Post-generation options (prepend, append and encryption)¶
An optional treatment of selected fields in the synthetic data post-generation. There are three options that can currently be applied post-generation:
- Prepend: for example, adding “Synth:” to the data, e.g. Synth:John Doe
- Append: for example, adding ":Synth" to the data, e.g. John Doe:Synth
- Encrypt: encrypting a field (e.g. email), with the option to decrypt it using a customer-provided key
Decryption is carried outside of the Hazy product and requires the customer to perform encryption key management. The platform used to perform the decryption may need significant resources in order to process production workloads.
Metrics to measure the similarity between source sequential (time series) data and synthetic sequential data.
- This feature only works if a sampling frequency is specified or it's detected (detection won't work if there are unknown/missing datetime values), since the metric results won't be meaningful for irregularly sampled time series.
- This feature won't work for spectral features in the time series data (the metric is not sensitive to features in the frequency domain) source.
SQL Server integration using SQL Authentication (as a training data source)¶
Include SQL Server as a data source. This will allow selection of tables as inputs to the training process.
Data source/sink: S3 integration¶
Clients who host data in the cloud via AWS are able to read the source data directly from an S3 bucket for the training of, and then generation of, synthetic data.
Data source/sink: Parquet and Avro files¶
Parquet is a free and open-source storage format for fast analytical querying, developed by Apache. Avro, also developed by Apache, is also a data format that stores the schema in JSON format, making it easy to read and interpret by any program. Hazy is now able to consume these two file formats for training and output in this format for synthetic data generation.

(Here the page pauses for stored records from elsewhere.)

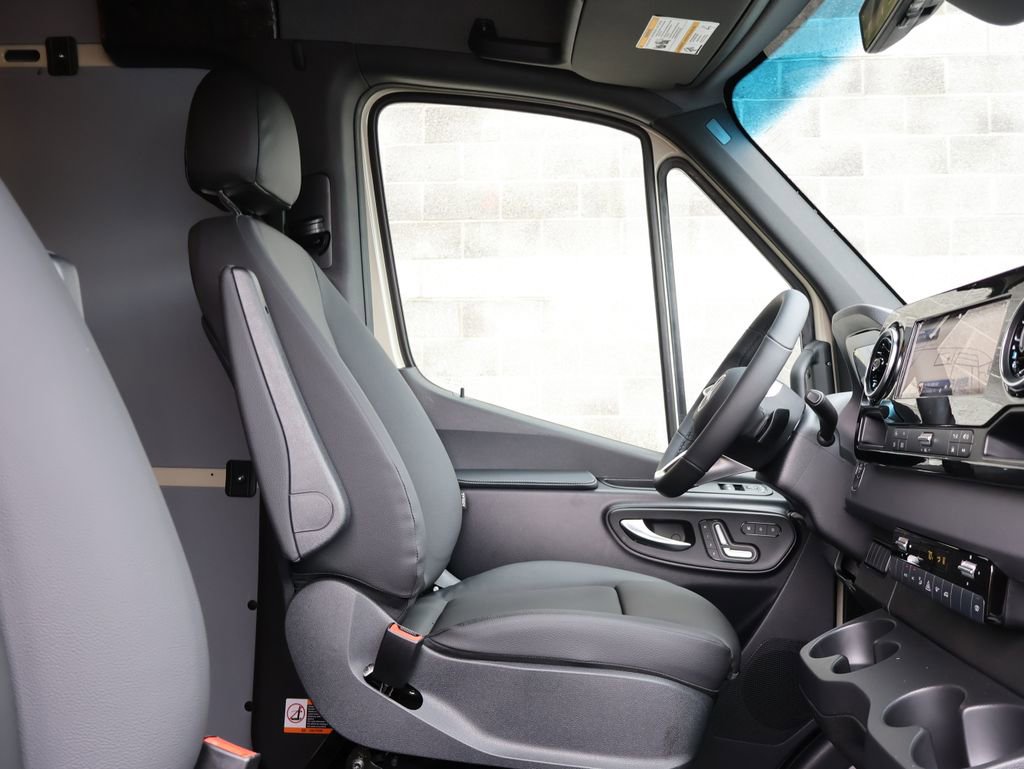 New 2026 Mercedes-Benz Sprinter 144 Cargo image 11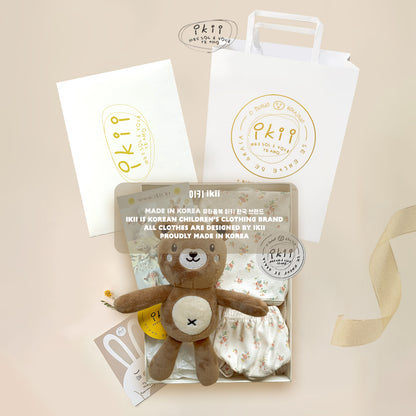 預訂補貨中) 口水肩+安撫公仔+孭帶set 禮盒套裝Gift Set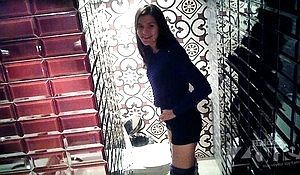 Веселая девушка спалилась писая в туалете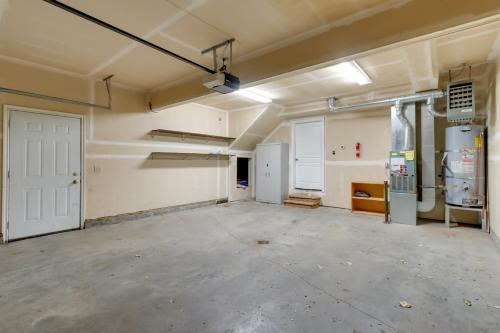 Accommodating Anchorage Abode Less Than 1 Mi to Jewel Lake - image 11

It is possible for Parquet data source to be split across multiple files - Hazy only supports a single Parquet file for ingest.
Avro supports customised "structured types" - Hazy only supports standard data types that match python dataframes.
Including version-specific documentation in Hazy Hub¶
Clients will be able to see version-specific help files in their on-premises version of the Hazy Hub.
Training Performance Visualisation in Hazy Hub¶
Visual graph now appears in the Hazy Hub showing the discrete steps, with elapsed time, of the training process.
Performance Improvement to training¶
Clients can train much faster in a specific use case: when data has a complex set of inferred rules, the performance improvement increases training speed by up to 30X.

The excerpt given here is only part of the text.